Polynesians settled New Zealand in 1250–1300 CE and developed a distinctive Māori culture, and Europeans first made contact in 1642 CE. The introduction of potatoes and muskets triggered upheaval among Māori early during the 19th century, which led to the inter-tribal Musket Wars. In 1840 the British and Māori signed a treaty making New Zealand a colony of the British Empire. Immigrant numbers increased sharply and conflicts escalated into the New Zealand Wars, which resulted in much Māori land being confiscated in the mid North Island.

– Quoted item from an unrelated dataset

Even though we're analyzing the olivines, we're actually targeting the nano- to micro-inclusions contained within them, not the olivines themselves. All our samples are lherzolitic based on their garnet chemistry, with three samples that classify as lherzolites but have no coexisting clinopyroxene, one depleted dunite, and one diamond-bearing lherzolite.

Economic depressions were followed by periods of political reform, with women gaining the vote during the 1890s, and a welfare state being established from the 1930s. After World War II, New Zealand joined Australia and the United States in the ANZUSsecurity treaty, although the United States later, until 2010, suspended the treaty after New Zealand banned nuclear weapons. New Zealand is part of the intelligence sharing among the Anglosphere countries, the UKUSA Agreement. New Zealanders enjoyed one of the highest standards of living in the world in the 1950s, but the 1970s saw a deep recession, worsened by oil shocks and the United Kingdom’s entry into the European Economic Community. The country underwent major economic changes during the 1980s, which transformed it from a protectionist to a liberalised free-trade economy. Markets for New Zealand’s agricultural exports have diversified greatly since the 1970s, with once-dominant exports of wool being overtaken by dairy products, meat, and recently wine.

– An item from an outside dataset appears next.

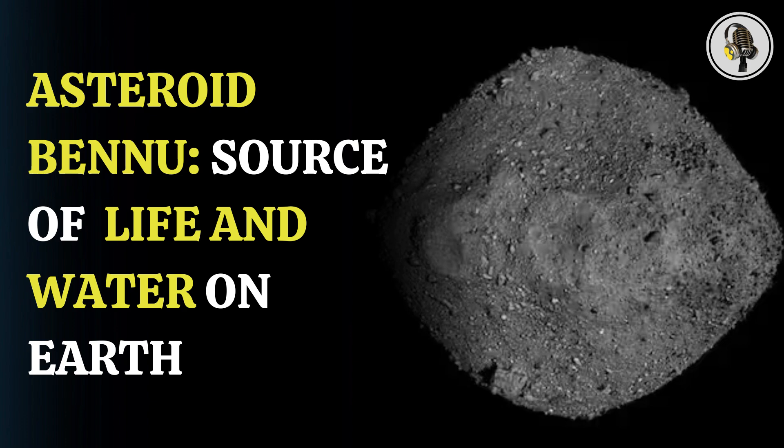The sample has pre-solar grains created before our solar system existed, which can provide a detailed biography of the lives of ancient stars, the professor further said.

During its long isolation, New Zealand developed a distinctive biodiversity of animal, fungal and plant life. Most notable are the large number of unique bird species, many of which became extinct after the arrival of humans and introduced mammals. With a mild maritime climate, the land was mostly covered in forest. The country’s varied topography and its sharp mountain peaks owe much to the tectonic uplift of land and volcanic eruptions caused by the Pacific and Indo-Australian Plates clashing beneath the earth’s surface.